Does alcohol consumption make you eat more? And is there a difference is dose-response? A recent systematic review and meta-analysis1, published in the British Journal of Nutrition, tried to find answers to these questions. The results suggest that even relatively modest alcohol consumption may lead to an increase in food consumption.
What is already known? After fat, alcohol is the most energy-dense macronutrient, accounting for 7.1 kcal per gram. Studies found energy intake from alcohol is often not compensated for by eating less, thus increases total energy intake.
What does this study add? No extensive systematic review with meta-analysis has previously been conducted to investigate the effects of alcohol consumption on both food energy intake and total energy intake.
The researchers from Monash University, Australia, included 22 crossover and randomized controlled trials in which the energy intake with and without alcoholic beverages is compared. In total, 706 participants were included.
Increased energy intake
Many of the included studies only had a limited number of participant and results varied quite a bit. However, when combining the data it seems alcoholic beverages result in a higher food intake of around 80 kcal: about the same amount of energy as one slice of whole grain bread2. Interestingly, a low alcohol dose (<3 alcoholic consumptions) resulted in a higher energy food intake (93 kcal) than a high alcohol dose (≥3 alcoholic consumptions), which showed a non-significant increase of 59 kcal.

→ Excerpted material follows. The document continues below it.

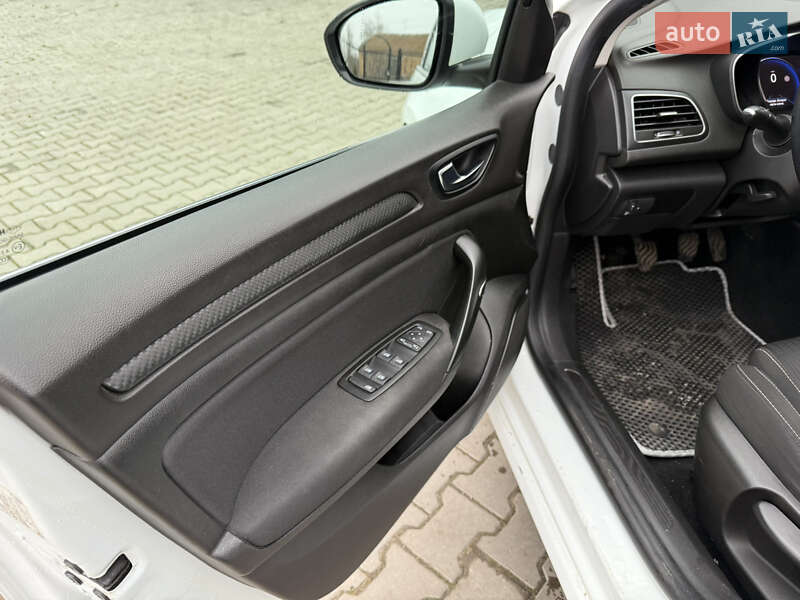 Універсал Renault Megane 2019 в Ізяславі фото 13 Універсал Renault Megane 2019 в Ізяславі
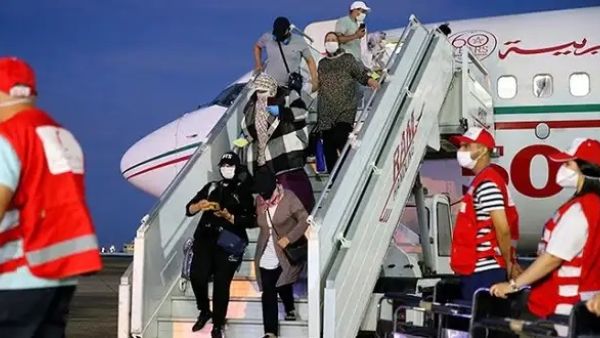 عودة 2200 مواطن من أوكرانيا إلى المغرب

The total energy intake (thus including the calories of the alcoholic drink itself) was more profound, with an average increase of 256 kcal. For low alcohol consumption this was an increase of 181 kcal and for a high alcohol dose 294 kcal. It is evident that participants did not reduce their food energy intake to compensate for the energy they consumed through the alcoholic beverage.

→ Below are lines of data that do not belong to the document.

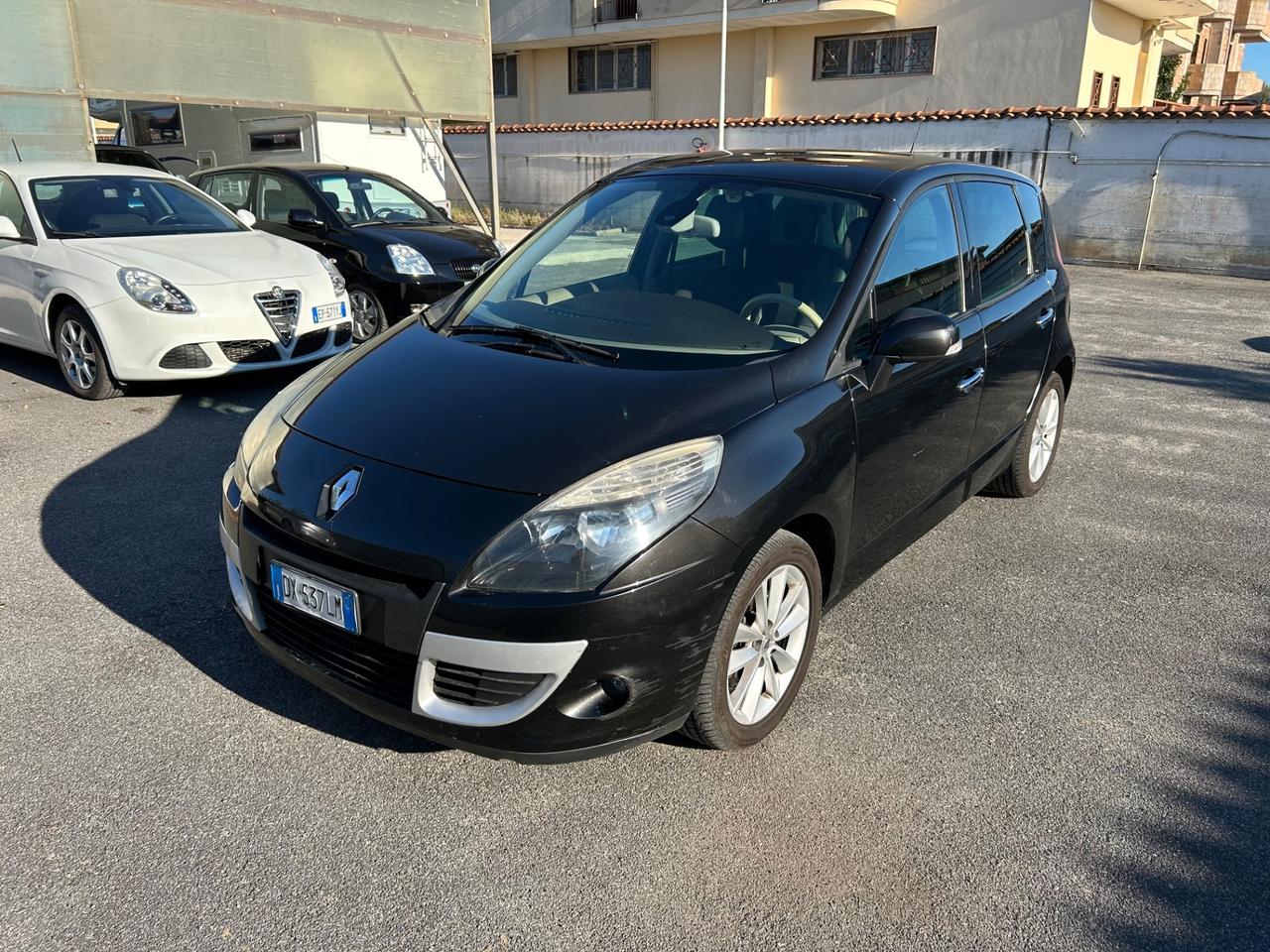Renault Scenic Scénic X-Mod 2.0 dCi 160CV Luxe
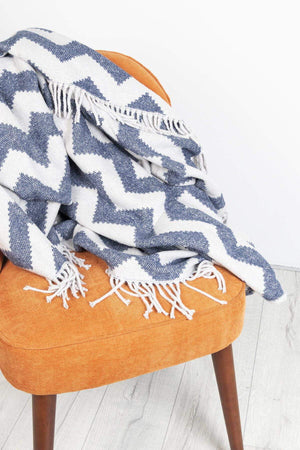 Carraig Donn Ziggy Throw 127x178cm in Navy and Grey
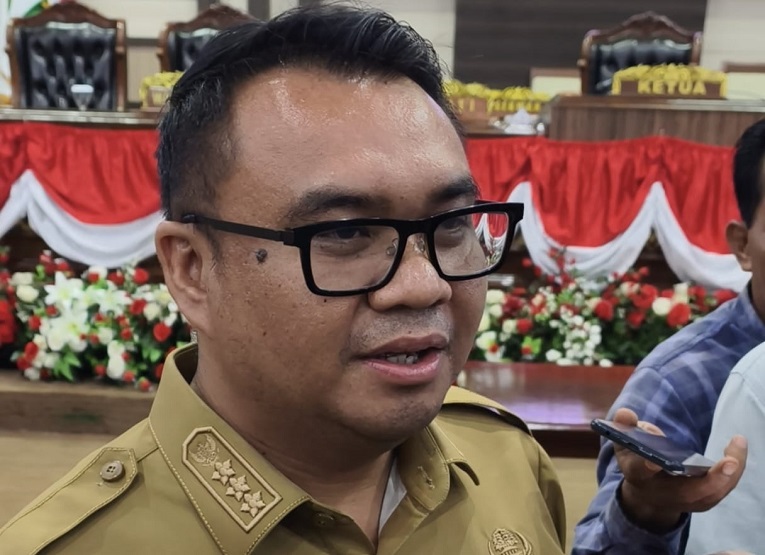 Bupati Kukar Aulia Rahman Basri usai menghadiri rapat paripurna DPRD Kukar, Selasa (27/7/2026), (Foto : Andri/dutakaltimnews.com)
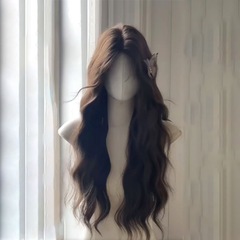 【Doll人形】かつらの女性の全頭カバーの女性シミュレーション人の髪の中に水の波紋の長いカールを分けます。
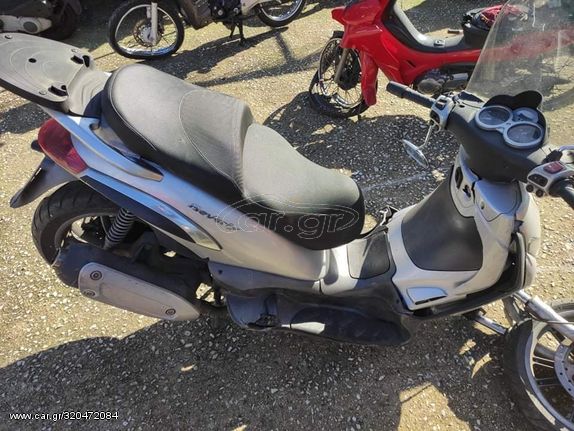 PIAGGIO BEVERLY 250cc ΓΙΑ ΑΝΤΑΛΛΑΚΤΙΚΑ!!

The mechanisms behind the increased food intake due to alcohol consumption are probably related to alcohol’s effect on several neurotransmitters. For example, in low to moderate doses, alcohol binds to the so called GABAAreceptors, which are involved in the control of food intake in mice. Alcohol consumption also increases opioid peptides, which are claimed to improve the sensory rewards of foods in the mouth. Another possible explanation is that alcohol decreases the serotonin response, a hunger suppressor.

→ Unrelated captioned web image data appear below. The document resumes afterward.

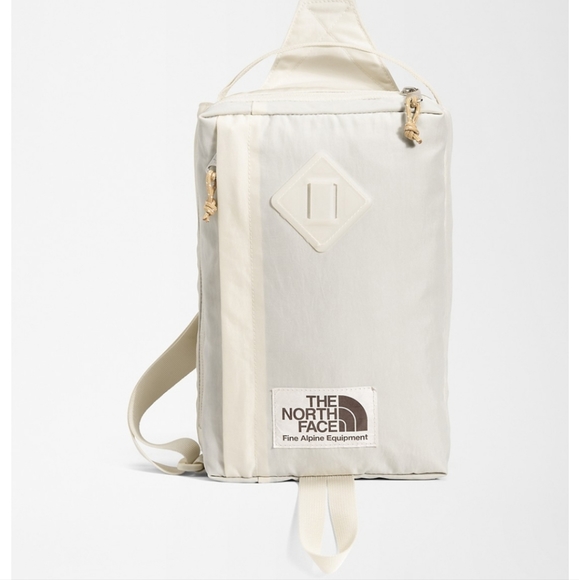 The North Face Handbags - 🎉The North Face Berkeley Field Bag🎉 Please read description.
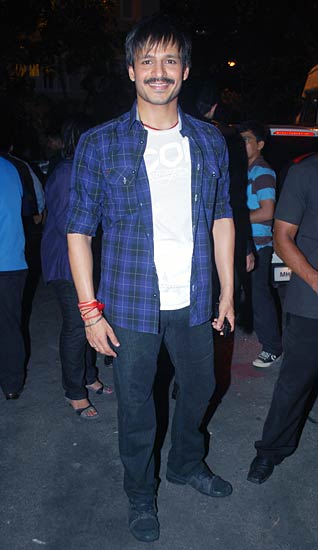 मिस इंडिया कॉन्‍टेस्‍ट 2010 में पहुंचे सितारे...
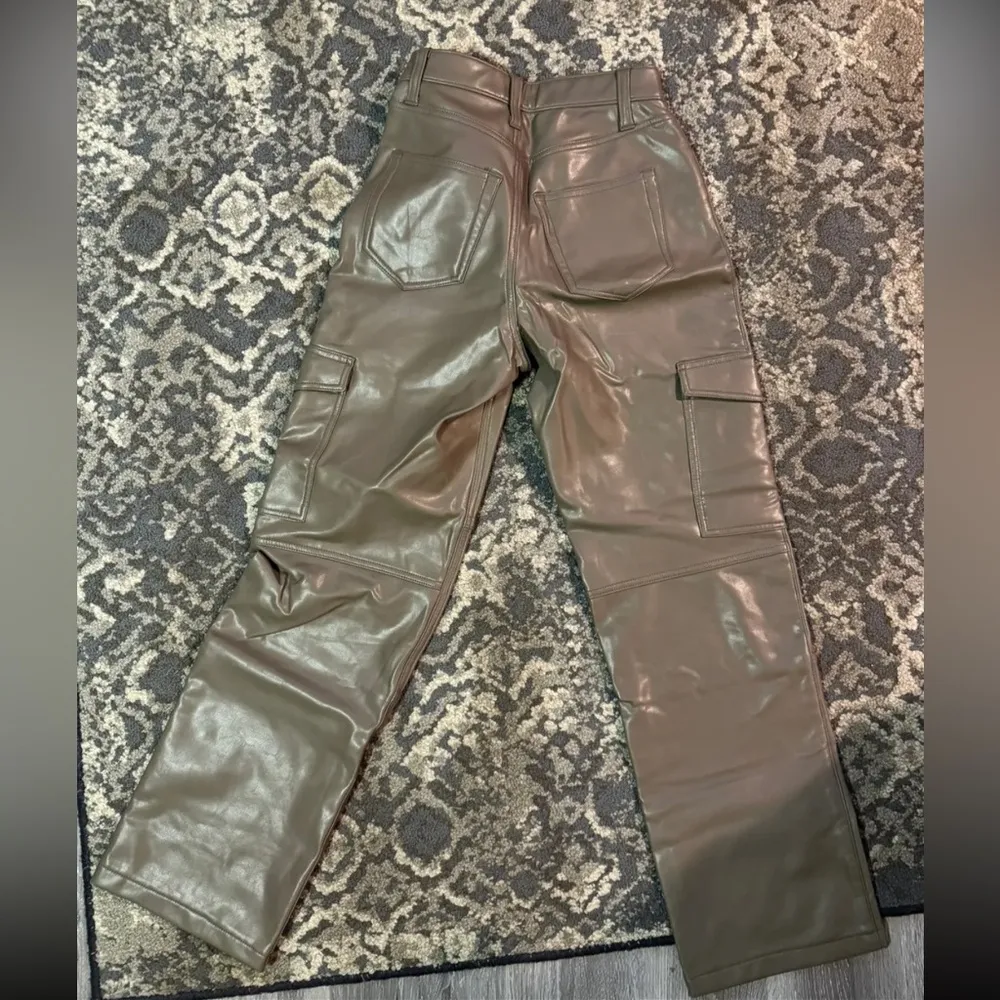 Abercrombie and Fitch Curve Love Vegan Leather Cargo 90s - Image 6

This study shows that even light alcohol consumption increases total energy intake, however the effect on weight gain was not included in this meta-analysis. High alcohol consumption is often associated with weight gain, but the effect of light alcohol consumption is less clear. A meta-analysis from 2011 found that light to moderate alcohol consumption, especially wine, may protect against weight gain; whereas consumption of spirits has been associated with weight gain3.
- Meta-analysis and systematic review
- Only included crossover and randomized controlled trials; studies causal relationship
- Dose-response relation investigated
- Amount of alcohol clearly defined
- Meta-analysis for some outcomes had substantial statistical heterogeneity or evidence of small-study effects.
1: Kwok, Alastair, Aimee L. Dordevic, Gemma Paton, Matthew J. Page, and Helen Truby. “Effect of alcohol consumption on food energy intake: a systematic review and meta-analysis.” British Journal of Nutrition (2019): 1-15.
2: RIVM. NEVO-online versie 2016/5.0
3: Sayon-Orea, Carmen, Miguel A. Martinez-Gonzalez, and Maira Bes-Rastrollo. “Alcohol consumption and body weight: a systematic review.” Nutrition reviews 69, no. 8 (2011): 419-431.